问题
I know there are some web sites that provide this service but given that pretty much everyone lives behind NAT these days, why isn't this standardized on a port and provided as a service to whomever wants to run it? It's at least as useful as an echo, daytime or "quote of the day" server and as easy to implement.
Or does one exist that I am aware of? Any proposals/RFCs in progress?
EDIT: Thanks to everyone for a lively and thoughtful discussion.
回答1:
It's standarised with the STUN protocol in RFC 5389
Of course, vendors have to support standards to make them useful.
Related threads on StackOverflow. They all mention STUN:
- Discovering public IP programatically
- Trying to get NAT’s external IPAddress with INATExternalIPAddressCallback in C#
- Obtaining Own External IP Address in POSIX C
回答2:
You really need more than to know what your IP address is "right now". You need to have it stay that way.

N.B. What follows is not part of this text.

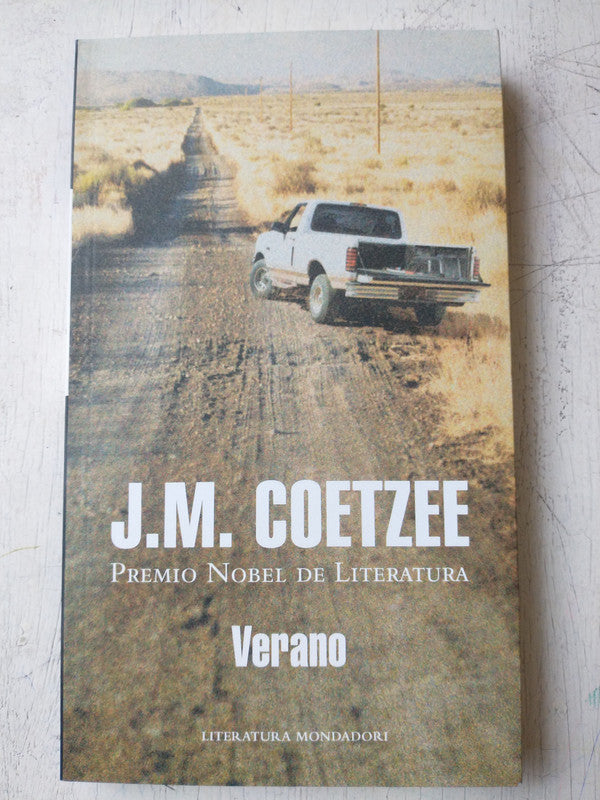 Libro usado en venta: Verano de J. M. Coetzee; editorial Mondadori impreso en 2013 realizamos envios a todo el mundo.1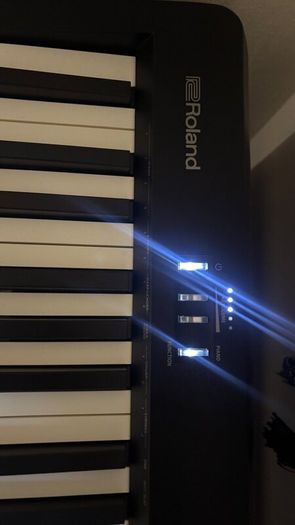Keyboard/ piano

More importantly, it seems that the reason you need to know your IP address is that you need to tell some other machine how to connect to you. What's really needed, then, isn't a low-level hack, but rather some protocol that configures all interested Network-layer devices to make sure that you can be reached, and that the connection stays open (or that it can reconnect if broken).
For instance, it's possible for your router to lose its connection to your ISP. When it gets a new connection, it could have a different IP address. You need to address that problem. In a Corporate environment (yes, corporations do use P2P), any number of network reconfigurations may take place, all without informing the peers about changes in IP address. This needs to be addressed as well.
The overall problem is that you're depending on a Network-layer entity (IP Address) to remain useful for the upper layers. That's not the job of an IP address - it's only meant to get your datagrams to their destination. There's nothing inherent in knowing your IP address that says they'll still get to their destinations tomorrow by using that same address.
回答3:
If such a peername service existed, your NAT gateway could choose to modify the service's response, replacing the external address with the internal one, again.
Also, in case of a double-natted system: how would you get at the middle address?
回答4:
There's going to be no widespread fix. 'When/if IPv6 ever fully replaces IPv4 then the abundance of available addresses will make NAT, and thus this issue, a thing of the past.